Todos fuimos conmovidos por la barbarie asesina, que sin embargo no podría identificarse con un choque de civilizaciones, como lo afirmó el propio presidente de Francia. No es tampoco un fenómeno aislado, sino de una criminalidad recurrente que se alimenta de conflictos geopolíticos, desigualdades insalvables y éxodos masivos. En ese sentido el papa Francisco ha dicho que los acontecimientos ocurridos y la respuesta de los agredidos son “propios de una tercera guerra mundial” y ha pedido que “no se invoque a ninguna religión, porque no tiene nada que ver con ellas”.
Por desgracia, el consenso que se ha promovido a raíz de los sucesos es de índole militar, lo que para muchos especialistas podría ser contraproducente, ya que “el terrorismo se combate con inteligencia y no con bombardeos”. Francia, Estados Unidos y Rusia, que participan en esta guerra políticamente confusa contra el Estado Islámico, han intensificado en los últimos días el fuego aéreo sobre el territorio sirio, causando pérdidas y sufrimientos a la población civil que a la postre sembrará nuevos motivos de resentimiento. Ello podría detonar un circuito inacabable de violencia causando más muertes y destrucción, pero no necesariamente eliminando las expresiones terroristas del integrismo islámico. Como refiere The New York Times, “Francia y sus aliados han caído nuevamente en la trampa”.
Basta recordar el encadenamiento de sucesos en Afganistán y en Irak para percibir la conexión entre las injerencias militares y el fortalecimiento de los grupos fundamentalistas cada vez más brutales y mejor equipados. Al calor de la invasión de la Unión Soviética al primero de esos países, se gestaron grupos integristas alentados por Washington que derivaron en Al Qaeda; luego la invasión estadunidense en Irak sembró las semillas del actual Estado Islámico. Los recientes acontecimientos están a su vez relacionados con las intromisiones militares occidentales en la propia Siria, Mauritania, Mali, Níger, Chad y Burkina Faso.
Apenas el 26 de octubre, Tony Blair pidió perdón por su papel en la guerra de Irak, utilizando reportes erróneos de inteligencia. Reconoció que no previó el caos que se desataría tras el derrocamiento de Saddam Hussein y admitió que ese desorden contribuyó al crecimiento del grupo yihadista ISIS. La retaliación iniciada en contra de enclaves fundamentalistas no puede obedecer a la falta de memoria histórica. Se relaciona más bien, como en ocasiones anteriores, con impulsos nacionalistas, previsiones electorales e intereses económicos y estratégicos.

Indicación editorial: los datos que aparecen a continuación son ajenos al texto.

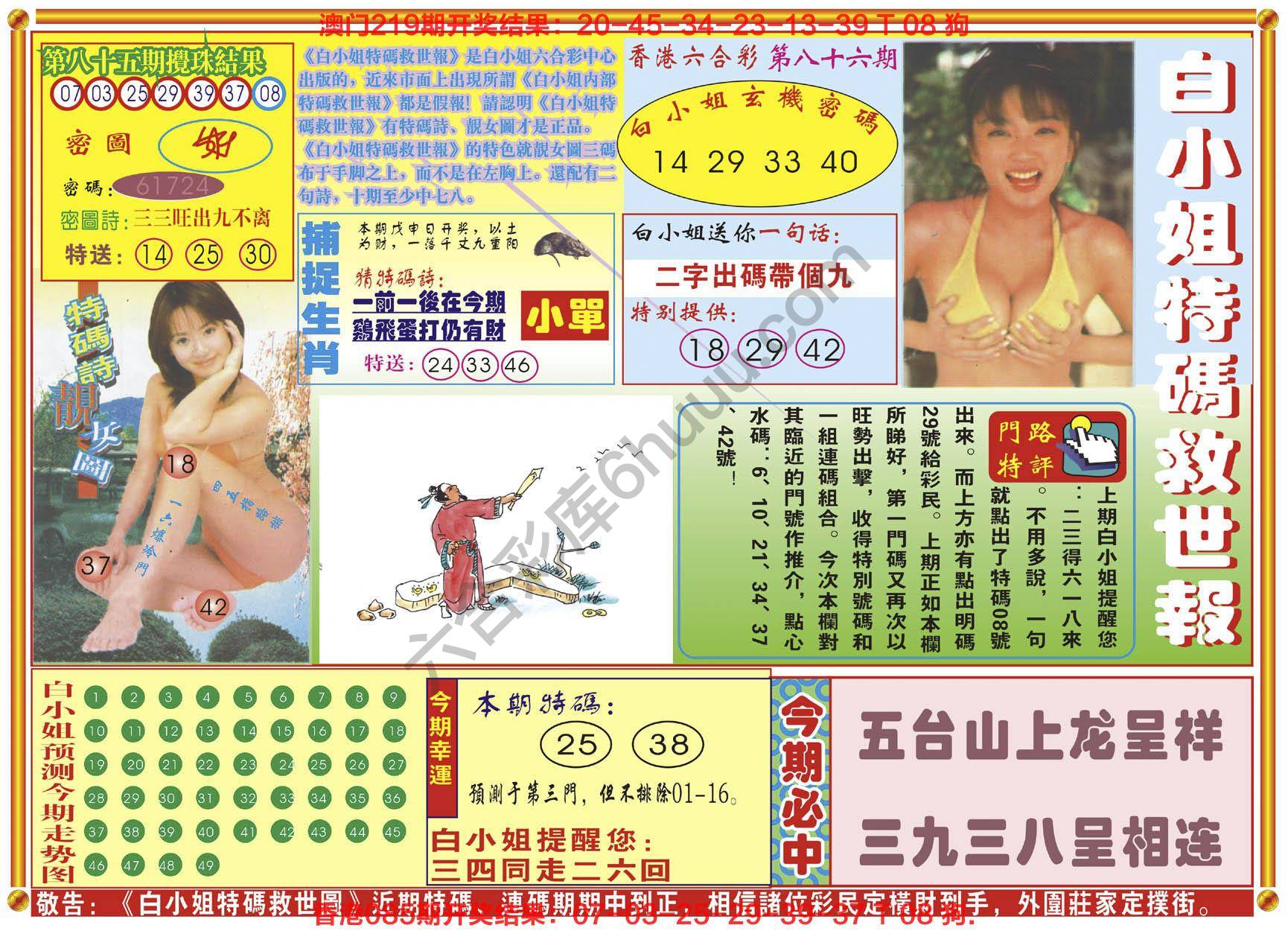 六合彩心水图库9|白小姐特码救世报 六合彩心水图库9|白小姐特码救世报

Comentaristas norteamericanos coinciden en que las reacciones occidentales a los atentados de París recuerdan la paranoia política en que el gobierno de Bush sumió al mundo tras el 11 de septiembre de 2001 y que se tradujo en una reducción de las libertades individuales y en violaciones masivas a los derechos humanos, al amparo de la Ley Patriota. Para comenzar, el estruendoso discurso belicista ha agravado la situación de los refugiados de África y el Medio Oriente en Europa.
El “diálogo de civilizaciones” promovido hace decenios por la UE parece haber sido enterrado a perpetuidad. Cabría demandar a las potencias el entendimiento racional de las raíces históricas, económicas, políticas y sociales del terrorismo islámico y hacerle frente con acciones perseverantes en esos ámbitos. Habría también que llegar a un acuerdo básico sobre el futuro político de Siria en el que coincidieran efectivamente las potencias y los actores involucrados. Las Naciones Unidas no pueden estar ausentes de este proceso, cuyo alcance es universal, y deben comprometerse decididamente a la consecución de la paz y la seguridad en la región. Es indispensable la abolición de dogmas intransitables fundados en la teoría implícita de que problemas como el de Palestina son irresolubles y que, por tanto, hay que mantener la guerra ofensiva y defensiva. Si aceptáramos semejantes hipótesis habríamos de admitir que el terrorismo también es irreductible y condenaríamos a la humanidad a disolverse en cadena.